Sono bambini soli, cresciuti troppo in fretta, hanno gli occhi dilatati dalla colla e stracci rimediati chissà dove. Si aggirano per la capitale della Repubblica Democratica del Congo, Kinshasa, e hanno trovato nella strada la loro famiglia. In questa megalopoli sovraffollata e scossa da cronici e improvvisi black-out, sono almeno 30mila i bambini che si aggirano come un esercito tra la folla e lungo le vie della città. Li si incontra ovunque: alle stazioni degli autobus, nei mercati, ai bordi delle strade. Si muovono in bande, con relative gerarchie e ruoli definiti. Chiedono l’elemosina o s’improvvisano lustrascarpe e la sera, dopo aver battuto i mercati in cerca di fortuna, si accasciano sotto qualche riparo di fortuna.
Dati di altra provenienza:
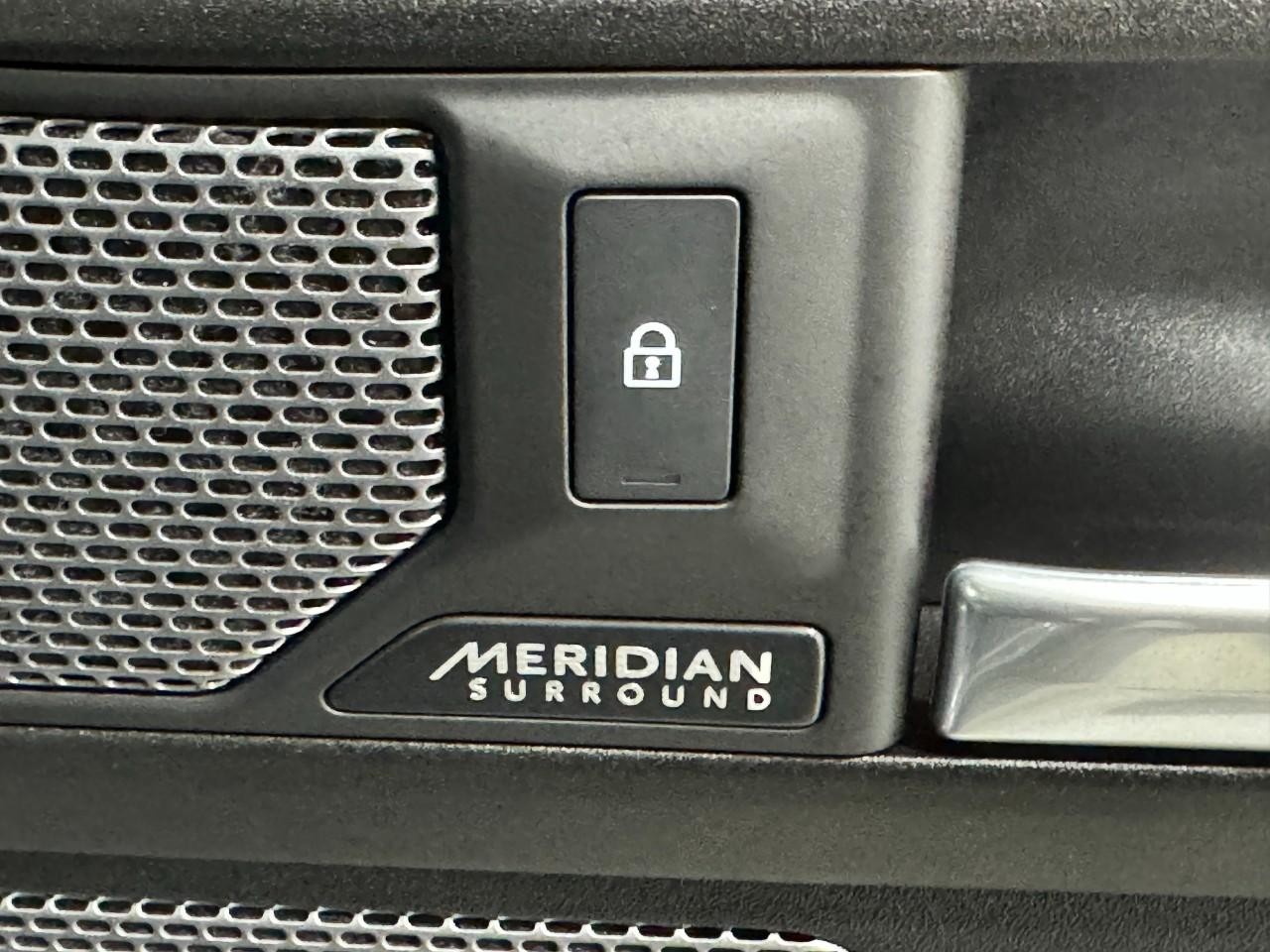 Land Rover Defender Vehicle Full-screen Gallery Image 23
Ecco l’esercito degli Sheguè. Non sono orfani di guerra o baby soldati finiti per strada dopo esser stati smobilitati. Sono creature cacciate dalle proprie famiglie perché ritenuti essere stregoni e aver trascinato il malocchio sotto il tetto domestico. Secondo l’organizzazione Human Right Watch (HRW), almeno il 70 per cento dei minori non accompagnati di Kinshasa è finito per strada dopo avere subito questa accusa.
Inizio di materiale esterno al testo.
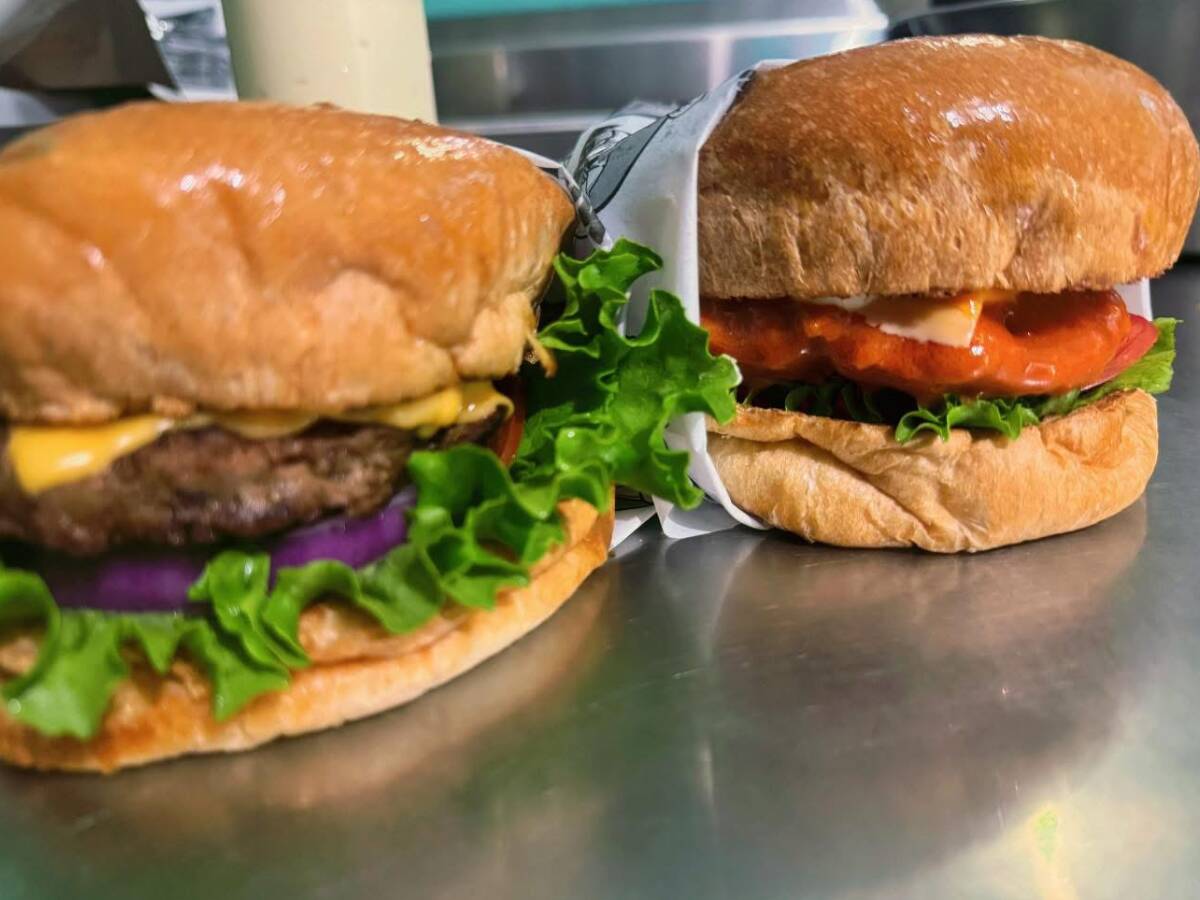 MAYKA BURGER COLINAS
Eppure di questo fenomeno se ne parla solo dall’inizio degli anni 90, prima non esisteva affatto. <<Tutto è cominciato con la crisi economica e lo sviluppo delle sette evangeliche. Sono loro ad avere diffuso questa piaga. Ormai la gente è impazzita: accusa di stregoneria gli handicappati, gli epilettici, i figli più timidi o quelli più vivaci>>, racconta Richard Voka, presidente del centro Simba-ngai (“Sostienimi” in italiano) che segue un centinaio di questi bambini recuperati dalla strada.
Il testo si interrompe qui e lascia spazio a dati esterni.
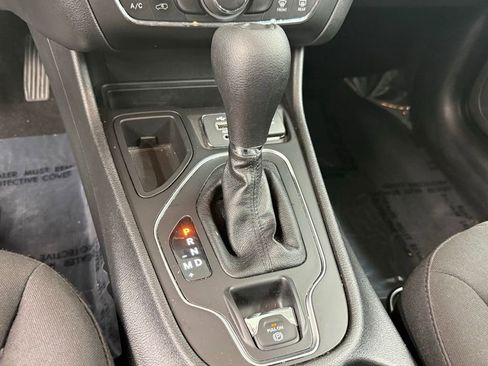 Used 2021 Jeep Cherokee Latitude image 23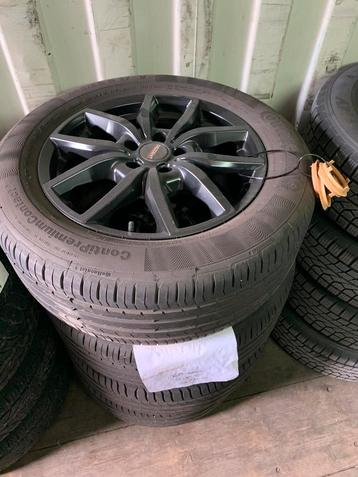 Volkswagen tiguan aluminium velgen met nieuwe banden beschikbaar voor biedingen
Le sette pentecostali, in Congo così come in tutta l’Africa sub-sahariana di religione cristiana, sono spuntate come funghi negli ultimi decenni e hanno portato a una recrudescenza delle credenze nella stregoneria. Le città si sono trasformate in universo di paranoia generalizzata, in cui molti finiscono per credere che il male si annidi dietro lo sguardo di un proprio figlio.

Il meccanismo è sempre lo stesso: l’adulto che si trova in difficoltà economica e non riesce a sfamare la famiglia, si getta nelle mani di uno dei sedicenti predicatori che infiammano le strade delle città con i loro sermoni. Questi, normalmente, gli dice che tutte le sue disgrazie sono provocate da qualche baby stregone che si nasconde in casa. Il bambino viene così stigmatizzato e cacciato, finendo ad ingrossare le bande degli Sheguè.

Il lavoro delle organizzazioni che si occupano di assistenza e reinserimento di questi bambini risulta, purtroppo, poco più di una goccia nell’oceano. <<Non sempre è facile. Noi miriamo a reinserire i più piccoli, quelli che non sono ancora stati completamente traviati dalla vita di strada>>, sottolinea Voka, che aggiunge: <<il problema è che alcuni di loro sono ormai irrecuperabili. Lo stato è assente e noi abbiamo pochi mezzi per aiutare questi bambini>>. Voka e la sua associazione battono le strade cercando chi ancora può essere salvato, offre cibo, parla con loro e alla fine gli lascia l’indirizzo del suo centro. Qui potranno imparare a fare qualcosa, soprattutto grazie ai tre laboratori di falegnameria, per poter un giorno mettersi in proprio e riacquistare una dignità.